• _Work required_: What the task requires is each entry, restated exactly.

---------------

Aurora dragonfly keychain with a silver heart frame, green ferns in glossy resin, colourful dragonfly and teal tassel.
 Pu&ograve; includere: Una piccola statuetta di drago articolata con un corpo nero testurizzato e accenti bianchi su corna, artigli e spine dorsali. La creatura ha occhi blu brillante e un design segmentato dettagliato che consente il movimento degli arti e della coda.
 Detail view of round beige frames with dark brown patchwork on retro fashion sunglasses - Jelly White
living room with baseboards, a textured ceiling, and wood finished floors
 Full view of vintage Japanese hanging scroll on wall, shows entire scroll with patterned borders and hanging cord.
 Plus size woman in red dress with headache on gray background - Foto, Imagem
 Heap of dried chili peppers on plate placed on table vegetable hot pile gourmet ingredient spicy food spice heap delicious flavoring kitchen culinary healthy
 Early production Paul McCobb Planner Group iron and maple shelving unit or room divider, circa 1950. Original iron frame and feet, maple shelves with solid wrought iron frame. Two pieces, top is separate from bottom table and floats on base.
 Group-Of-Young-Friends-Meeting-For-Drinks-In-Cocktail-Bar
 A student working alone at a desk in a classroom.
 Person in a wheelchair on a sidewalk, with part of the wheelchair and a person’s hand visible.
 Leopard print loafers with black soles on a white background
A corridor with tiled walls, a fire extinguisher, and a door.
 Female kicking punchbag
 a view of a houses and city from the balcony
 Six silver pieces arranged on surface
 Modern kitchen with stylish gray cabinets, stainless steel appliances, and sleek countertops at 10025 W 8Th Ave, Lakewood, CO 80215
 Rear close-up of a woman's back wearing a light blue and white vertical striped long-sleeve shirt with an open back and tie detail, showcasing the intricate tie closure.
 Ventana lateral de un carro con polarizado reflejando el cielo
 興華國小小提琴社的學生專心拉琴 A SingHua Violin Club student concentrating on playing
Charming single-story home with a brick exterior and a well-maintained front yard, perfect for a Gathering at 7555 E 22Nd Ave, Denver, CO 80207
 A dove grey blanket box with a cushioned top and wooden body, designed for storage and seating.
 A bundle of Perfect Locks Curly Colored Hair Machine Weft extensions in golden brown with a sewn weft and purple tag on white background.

---------------

• _Response area_:
Aurora dragonfly keychain with a silver heart frame, green ferns in glossy resin, colourful dragonfly and teal tassel.
 Pu&ograve; includere: Una piccola statuetta di drago articolata con un corpo nero testurizzato e accenti bianchi su corna, artigli e spine dorsali. La creatura ha occhi blu brillante e un design segmentato dettagliato che consente il movimento degli arti e della coda.
 Detail view of round beige frames with dark brown patchwork on retro fashion sunglasses - Jelly White
living room with baseboards, a textured ceiling, and wood finished floors
 Full view of vintage Japanese hanging scroll on wall, shows entire scroll with patterned borders and hanging cord.
 Plus size woman in red dress with headache on gray background - Foto, Imagem
 Heap of dried chili peppers on plate placed on table vegetable hot pile gourmet ingredient spicy food spice heap delicious flavoring kitchen culinary healthy
 Early production Paul McCobb Planner Group iron and maple shelving unit or room divider, circa 1950. Original iron frame and feet, maple shelves with solid wrought iron frame. Two pieces, top is separate from bottom table and floats on base.
 Group-Of-Young-Friends-Meeting-For-Drinks-In-Cocktail-Bar
 A student working alone at a desk in a classroom.
 Person in a wheelchair on a sidewalk, with part of the wheelchair and a person’s hand visible.
 Leopard print loafers with black soles on a white background
A corridor with tiled walls, a fire extinguisher, and a door.
 Female kicking punchbag
 a view of a houses and city from the balcony
 Six silver pieces arranged on surface
 Modern kitchen with stylish gray cabinets, stainless steel appliances, and sleek countertops at 10025 W 8Th Ave, Lakewood, CO 80215
 Rear close-up of a woman's back wearing a light blue and white vertical striped long-sleeve shirt with an open back and tie detail, showcasing the intricate tie closure.
 Ventana lateral de un carro con polarizado reflejando el cielo
 興華國小小提琴社的學生專心拉琴 A SingHua Violin Club student concentrating on playing
Charming single-story home with a brick exterior and a well-maintained front yard, perfect for a Gathering at 7555 E 22Nd Ave, Denver, CO 80207
 A dove grey blanket box with a cushioned top and wooden body, designed for storage and seating.
 A bundle of Perfect Locks Curly Colored Hair Machine Weft extensions in golden brown with a sewn weft and purple tag on white background.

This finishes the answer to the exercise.